— TASK GOAL —
Copy out the listing that follows, exactly, without its pictures.

— AVAILABLE DATA —

▶

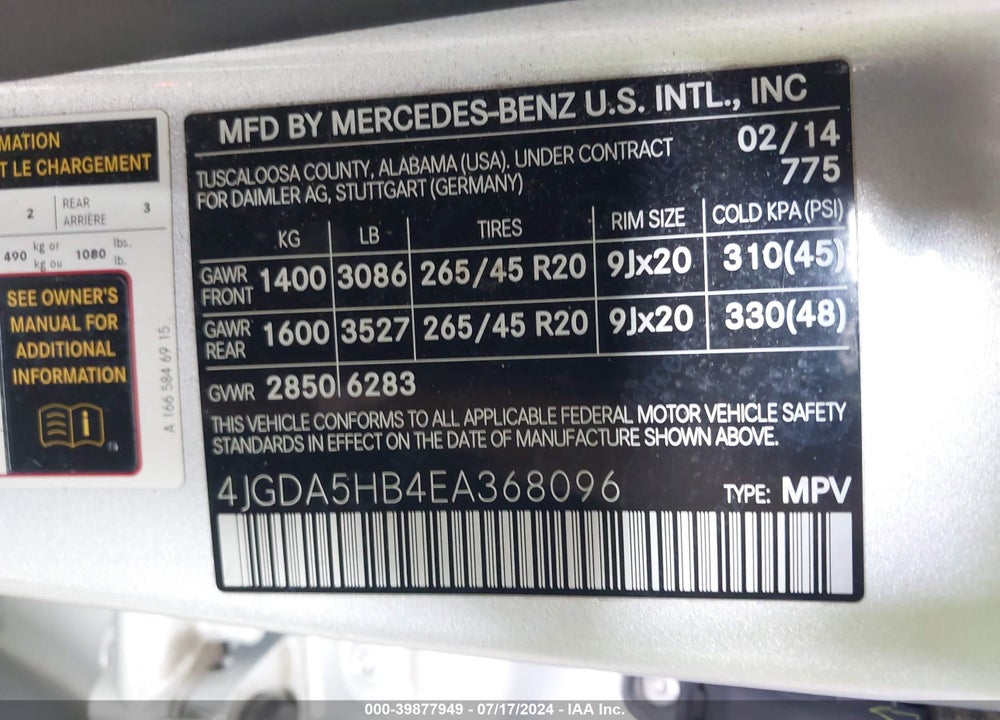 2014 MERCEDES-BENZ ML 350 4MATIC VIN: 4JGDA5HB4EA368096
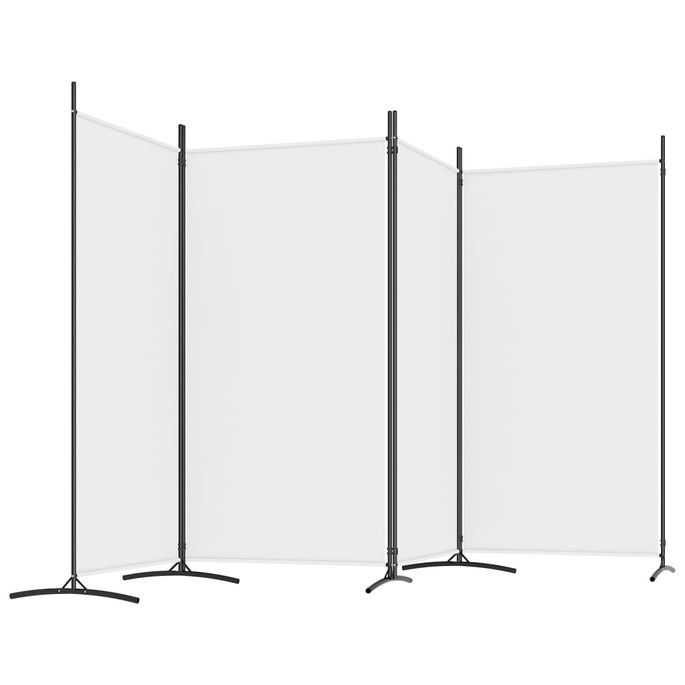 Cloison de séparation 4 panneaux Blanc 346x180 cm Tissu - Photo n°5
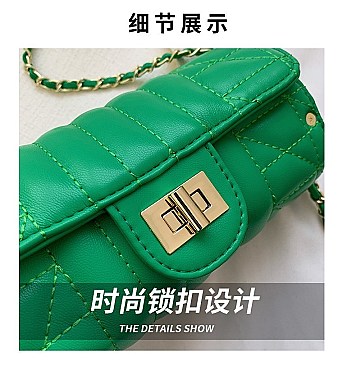 Quilted 2-Tone Fashion Cylinder-Shaped Cross-Body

◀

— SOLVED PROBLEM —
 2014 MERCEDES-BENZ ML 350 4MATIC VIN: 4JGDA5HB4EA368096
 Cloison de séparation 4 panneaux Blanc 346x180 cm Tissu - Photo n°5
 Quilted 2-Tone Fashion Cylinder-Shaped Cross-Body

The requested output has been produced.